Standard guidance for the management of bleeding manifestations associated with DIC or septic coagulopathy should be followed if bleeding occurs; however, bleeding manifestations without other associated factors is rare.
acute respiratory failure
Reported in 8% of patients in case series.
Leading cause of mortality in patients with COVID-19.
Children can quickly progress to respiratory failure.
Patients with COVID-19 may have a higher risk of developing ventilator-associated pneumonia compared with patients without COVID-19. Overall, ventilator-associated pneumonia was reported in 48.2% of mechanically ventilated patients and the mortality rate was 51.4%.
cytokine release syndrome
Cytokine release syndrome may cause ARDS or multiple-organ dysfunction, which may lead to death. Elevated serum proinflammatory cytokines (e.g., tumour necrosis factor alpha, interleukin-2, interleukin-6, interleukin-8, interleukin-10, granulocyte-colony stimulating factor, monocyte chemoattractant protein 1) and inflammatory markers (e.g., C-reactive protein, serum ferritin) have been commonly reported in patients with severe COVID-19. This likely represents a type of virus-induced secondary haemophagocytic lymphohistiocytosis, which may be fatal.

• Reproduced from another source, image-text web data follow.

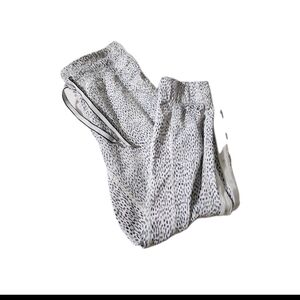 Lululemon Snap Button Side Pants Elastic Cuff Size 4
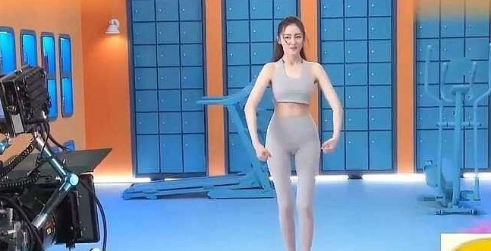 张天爱镜头前大秀身材,虽然个子不是很高,但比例好又有曲线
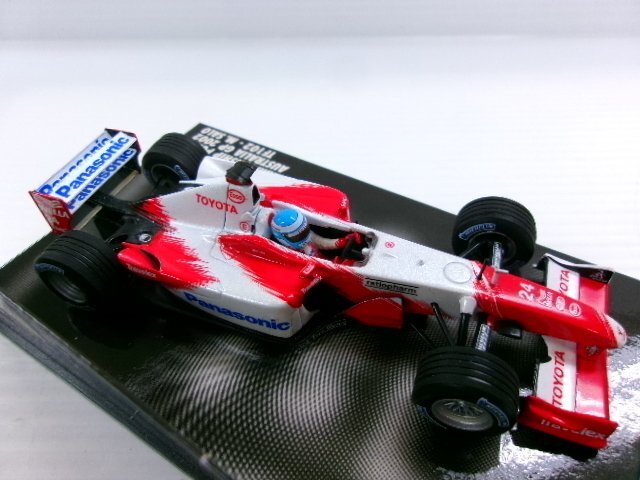 ミニチャンプス 1/43 パナソニック トヨタ レーシング TF102 #24 1st ポイント オーストラリアGP 2002 M.サロ (8179-576)の画像4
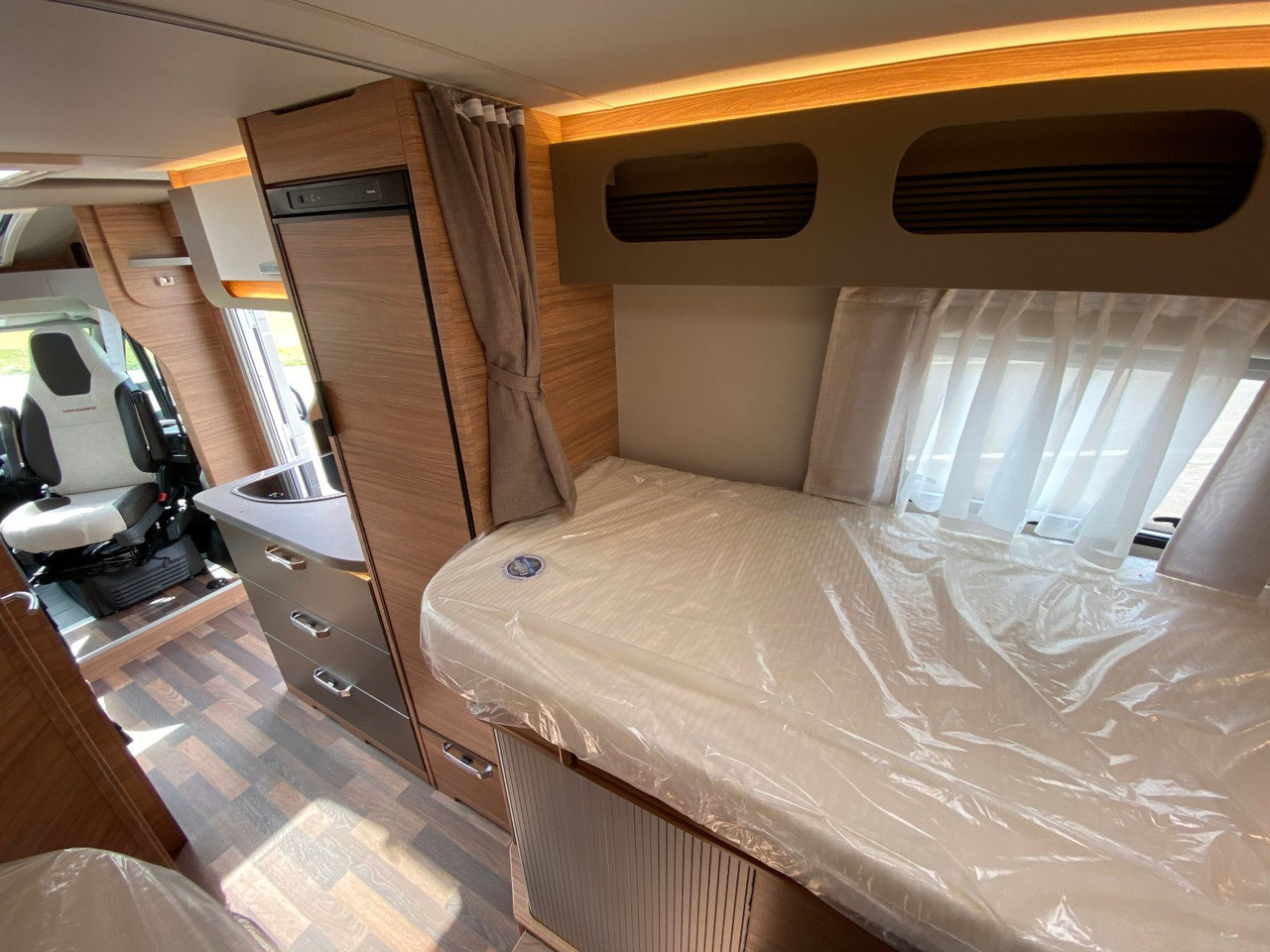 Полуинтегриран кампер Weinsberg CaraCompact 600 MEG EDITION [PEPPER]   Automatik: слика 18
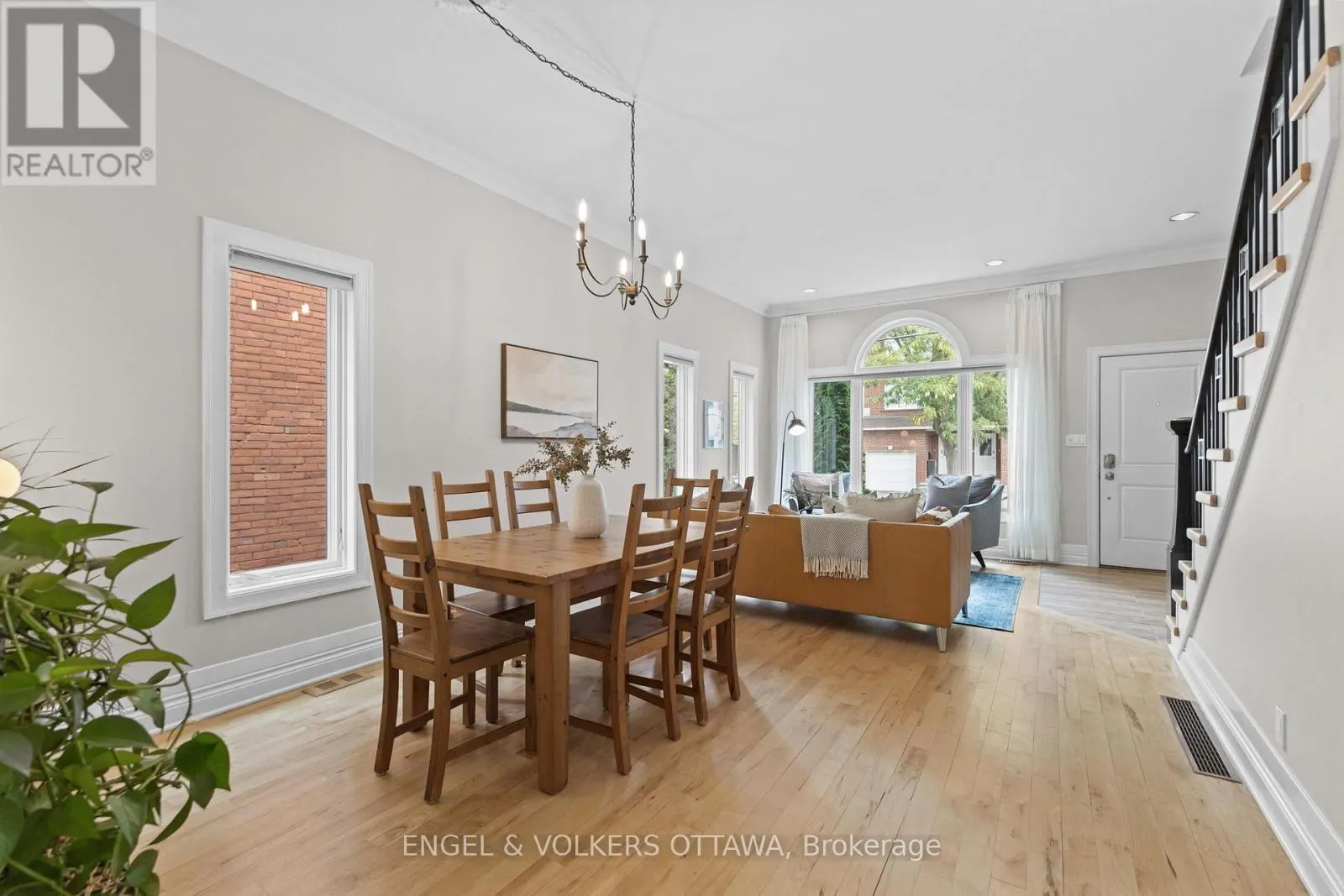 A - 120 DRUMMOND STREET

Interleukin-6, in particular, has been associated with severe COVID-19 and increased mortality.
One study found that patients who require admission to the intensive care unit have significantly higher levels of interleukin-6, interleukin-10, and tumour necrosis factor alpha, and fewer CD4+ and CD8+ T cells.
However, the pooled mean serum interleukin-6 level was markedly less in patients with severe or critical COVID-19 compared with patients with other disorders associated with elevated cytokines such as cytokine release syndrome, sepsis, and non-COVID-19-related ARDS. These findings question the role of cytokine storm in COVID-19-induced organ dysfunction, and further research is required.
Cytokine release syndrome has been reported in children, although cases appear to be rare. See the section below on paediatric inflammatory multisystem syndrome.
paediatric inflammatory multisystem syndrome
A rare, but severe condition, reported in children and adolescents approximately 2 to 4 weeks after the onset of COVID-19, likely due to a post-infectious inflammatory process. The syndrome has a strong temporal association with SARS-CoV-2 infection. The syndrome appears to be the result of a delayed immune response to SARS-CoV-2 infection with disease peaks following pandemic peaks by 2 to 5 weeks. Also known as PIMS, multisystem inflammatory syndrome in children (MIS-C), paediatric inflammatory multisystem syndrome temporally associated with SARS-CoV-2 (PIMS-TS), as well as other variations.
The syndrome shares common features with Kawasaki disease and toxic shock syndrome, but case definitions vary. Most patients have fever, as well as features of shock, cardiac involvement (e.g., elevated cardiac markers, congestive heart failure, cardiac dysfunction, myocarditis, coronary artery dilatation or aneurysm, hypotension, pericardial effusion, mitral regurgitation), gastrointestinal symptoms (e.g., abdominal pain, vomiting, diarrhoea), and significantly elevated inflammatory markers. Additional clinical and laboratory characteristics including thrombocytopenia, fatigue, headache, myalgia, sore throat, and lymphadenopathy have been suggested to refine the case definition. Mucocutaneous findings may be present, many of which overlap with Kawasaki disease.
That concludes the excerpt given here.